Reflections from a Week on the Red Sea – Caroline Webb

Ellie Goulding at COP27Sharm-el-Sheikh, the location of COP27, is a coastal Egyptian resort town that is adjacent to the Great Fringing Reef. Located in the cooler waters of the Red Sea, this reef is one of the most resilient reefs in the world; it is no surprise that COP27 publicity and advertisements repeatedly featured images and videos of the beautiful and vibrant underwater world. On one panel, “Hope For Coral Reefs,” singer-songwriter Ellie Goulding praised the reef’s “sheer visual beauty” and encouraged the audience to “please experience this reef yourself.” Yet at a conference where activisists and negotiators are working long days– and sometimes overnight– there seemed to be little time left to enjoy the beauty of nature.

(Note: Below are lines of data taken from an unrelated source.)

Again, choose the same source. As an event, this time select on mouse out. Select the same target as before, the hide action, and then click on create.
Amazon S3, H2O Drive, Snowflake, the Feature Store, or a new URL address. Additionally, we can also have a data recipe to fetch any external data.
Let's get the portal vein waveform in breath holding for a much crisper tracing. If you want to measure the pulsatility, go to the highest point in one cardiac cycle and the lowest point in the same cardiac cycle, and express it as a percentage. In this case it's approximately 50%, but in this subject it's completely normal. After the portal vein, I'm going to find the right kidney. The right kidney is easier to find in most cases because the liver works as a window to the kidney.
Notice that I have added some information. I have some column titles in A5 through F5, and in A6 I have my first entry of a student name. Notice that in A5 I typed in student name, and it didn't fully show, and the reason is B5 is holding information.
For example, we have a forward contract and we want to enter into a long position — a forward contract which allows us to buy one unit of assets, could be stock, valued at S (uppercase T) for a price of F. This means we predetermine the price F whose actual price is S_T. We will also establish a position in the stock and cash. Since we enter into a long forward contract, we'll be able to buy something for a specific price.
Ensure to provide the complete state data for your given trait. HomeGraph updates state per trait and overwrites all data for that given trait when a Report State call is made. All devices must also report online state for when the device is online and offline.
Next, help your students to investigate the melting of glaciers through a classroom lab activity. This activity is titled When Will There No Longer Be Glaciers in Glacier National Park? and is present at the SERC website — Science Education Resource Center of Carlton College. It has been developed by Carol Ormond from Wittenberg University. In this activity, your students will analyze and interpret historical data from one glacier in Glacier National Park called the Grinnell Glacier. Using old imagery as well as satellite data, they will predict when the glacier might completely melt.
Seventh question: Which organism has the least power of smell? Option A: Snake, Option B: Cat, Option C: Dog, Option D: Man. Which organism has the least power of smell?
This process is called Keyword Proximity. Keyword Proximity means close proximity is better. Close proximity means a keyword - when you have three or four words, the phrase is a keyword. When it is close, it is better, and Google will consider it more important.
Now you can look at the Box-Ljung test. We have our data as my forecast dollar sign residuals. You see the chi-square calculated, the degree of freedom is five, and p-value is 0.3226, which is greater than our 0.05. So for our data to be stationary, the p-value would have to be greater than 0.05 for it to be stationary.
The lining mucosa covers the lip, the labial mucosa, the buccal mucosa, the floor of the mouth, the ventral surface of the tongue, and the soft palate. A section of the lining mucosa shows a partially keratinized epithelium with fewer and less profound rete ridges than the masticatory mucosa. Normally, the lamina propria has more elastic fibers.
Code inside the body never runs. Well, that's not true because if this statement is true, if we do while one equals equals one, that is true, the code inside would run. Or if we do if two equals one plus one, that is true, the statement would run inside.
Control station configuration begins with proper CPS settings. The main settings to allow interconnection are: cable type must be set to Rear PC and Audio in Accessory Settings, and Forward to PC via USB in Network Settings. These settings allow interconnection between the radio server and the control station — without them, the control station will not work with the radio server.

Aware of this incongruence– as even we observers spent nearly the entire day caught up in the exciting bustle of the conference center– mid-way through the week a small group of us decided to wake up early and head down to the water. On one of these days, Dr. Phoebe Godfrey began the morning with a meditation. We were instructed to hold our breaths until we felt the urge to breathe again, understanding how dependent and interconnected we are with the air and world around us. On the other mornings we would wake up before dawn in an attempt to watch the sunrise and swim in the Red Sea. One of the regrets I had leaving Egypt was that I did not spend more time immersing myself in the culture and nature around me. After all, one of the most incredible parts about the COP27 Fellowship Program is the opportunity to travel across the world to attend the conference.
View of the Red SeaAt the same time, it is important to recognize the privilege and responsibility that comes with being able to attend COP27. Very few people have the opportunity to travel to the conference, and it is especially rare to be able to do so as a student. To have spent a week in a hotel along the coast of the Red Sea was amazing, with that luxury in juxtaposition with many of the stories told by activists from communities where significant impacts from climate change are already being felt. However, I also believe that the coming together of activists, politicians, negotiators, citizens, and indigenous peoples from around the world in one place is invaluable, and that finding joy in the world around us is necessary to sustaining activism. Particularly as frustratingly little progress was made on reaching a 1.5 degree warming target, it is important to take time to reset for the continued fight for a more equitable and sustainable future.